友情・努力・勝利のジャンプの基本原則に、師弟関係、世代関係を追加して、必要のみを描いたこの作品に、今の自分は美を感じた。時代を超えても推奨できる稀有な名作であると思う。

 

 

 

 

本の紹介

どんなに引っ越しをしようとも、毎回ついてくる本がいる。買っては捨ててを繰り返しているけれど、歳を経るほどに読み方が異なる本は、いつも見えるところにおいてある。もういやだ。そう思うことは色々あるけれど、そんなときに現実逃避をするために難解な本を読む。そうすると、少しだけ現実から離れられる気がする。

 

分かりやすいことが好まれる時代である。キャッチーな言葉で、一目で人を惹くことを今の人は主題にする。でもそれは、株式会社的な個人主義的な近代の考えである。たまに、中学で見た一番好きな映画のラストサムライを見返すのだが、どんなに近代化がなされて科学が進化し、技術が進もうが、今の自分たちを作っているのは、過去から受け継いだものだけである。「自分たちがどういう人間であったか忘れてはいけない。」良いことも悪いことも含めて、今の自分たちがある。どうしても流行になじめないのも、好きなことで生きていくという生き方に従えないのは、よく言えば過去生きてきた人々に敬意を払っているからである。

 

分かりやすいものが好まれる世の中で、あえてわかりにくいものの紹介。ワークライフバランスといって、自分の楽しさというものを追求することは、とても素晴らしい考えだけれども、不自由な状況の中で、時には自由を求めて、時には何かを守って、命を懸けて生きることは、案外幸せだったのではないかな思える本。受け継がれ伝えられるものはそれだけの理由がある。そうやってブラック企業が醸成されていくのだから、それも考え物だけれども、一つの考え方の補助線として。辛い状況を乗り越える一つの方法として。

 

浅田次郎 「壬生義士伝

一般的にはモブである新選組の1浪人を描いた作品。二駄二人扶持の貧乏侍が、脱藩し己の才覚を、家族のために生きるために使ったお話。
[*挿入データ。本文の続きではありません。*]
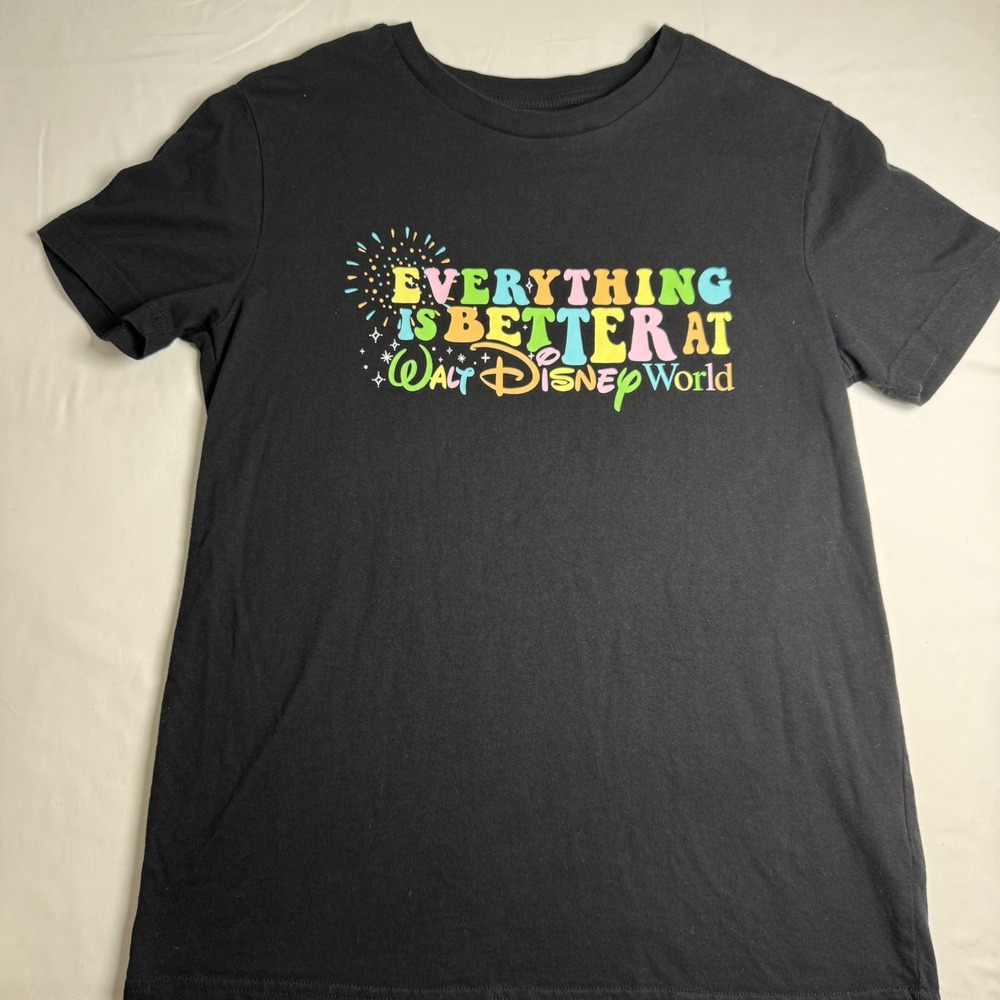 Disney World Everything Is Better At Walt Disney World Black Graphic T-Shirt S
「人の器を大小で評するならば、奴は小人じゃよ - しかしそのちっぽけな器は、あまりに硬く、あまりに確かであった。」

 

夏目漱石 「虞美人草

初めて出版するために書いた処女作。人や物の描写等まどろっこしい言い回しは、面白いけど読みにくいが、少年ジャンプのような熱量で書いた作品。
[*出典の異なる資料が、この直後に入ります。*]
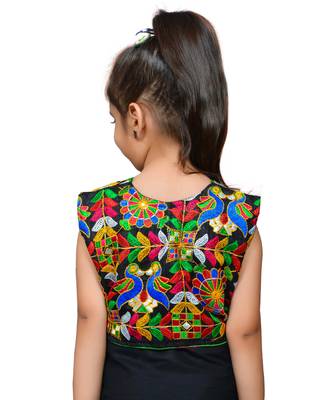 Black thread work blended cotton girls jackets coats 3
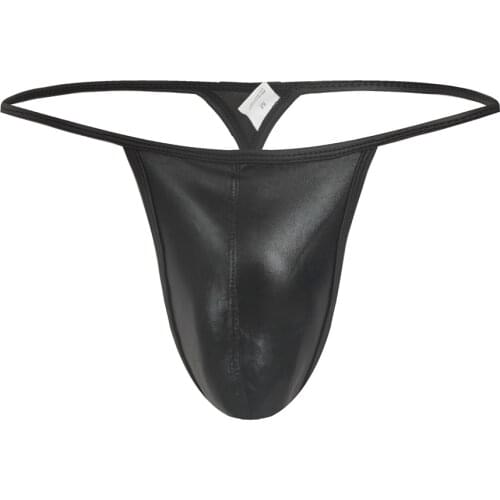 Low Rise Sexy Male Mens Lingerie Triangle Panties PU Leather Mini Bikini Thongs G-String Gay Underwear Underpants S-XL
「真面目とはね。君、真剣勝負の意味だよ。相手をやっつけなくてはいられないって意味だよ。」

 

谷崎潤一郎 「春琴抄

盲目の三味線弾きの少女とお付きの男のわかりにくい恋心を描いた、つんでれの原点とも言える作品。琴の師として弟子に対峙しその挙動を常日頃から恥ずかしむるる様子盲目で独身なる偏屈さを感じられるも凛と端座した端麗な口元から発せらりける言葉誠に痛快で優美なる事この上なし。人間の奥底にあるマゾヒズムという感情を、特殊な背景を持つ特殊な二人に持たせるとこういう答えになったという、ある意味必然とも思えてしまう関係性の特殊解を巧妙に描いている。

「天鼓のごとき明蝶の囀るを聞けば、居ながらにして幽邃閑寂なる山峡の風趣を偲び、渓流の響の潺湲たるも尾上の桜の靉靆たるもことごとく心眼心耳に浮び来り、花も霞もその声の裡に備わりて身は紅塵万丈の都門にあるを忘るべし、これ技工をもって天然の風景とその徳を争うものなり音曲の秘訣もここに在りと。また鈍行の指定を恥しめて、小禽といえども芸道の秘事を介するにあらずや汝人間に生まれながら鳥類にも劣れりと叱咤することしばしばなりき」

 

ジョージオーウェル 「1984

世界が3つの大国に併合されて人員の思想がコントロールされたディストピアの世界を描いた作品。真理省と愛情省と平和省と豊富省により統治された世界。過去を書き換えることが当然の世界であれば、人の考え方などいかようにもなるという並行世界を描いている。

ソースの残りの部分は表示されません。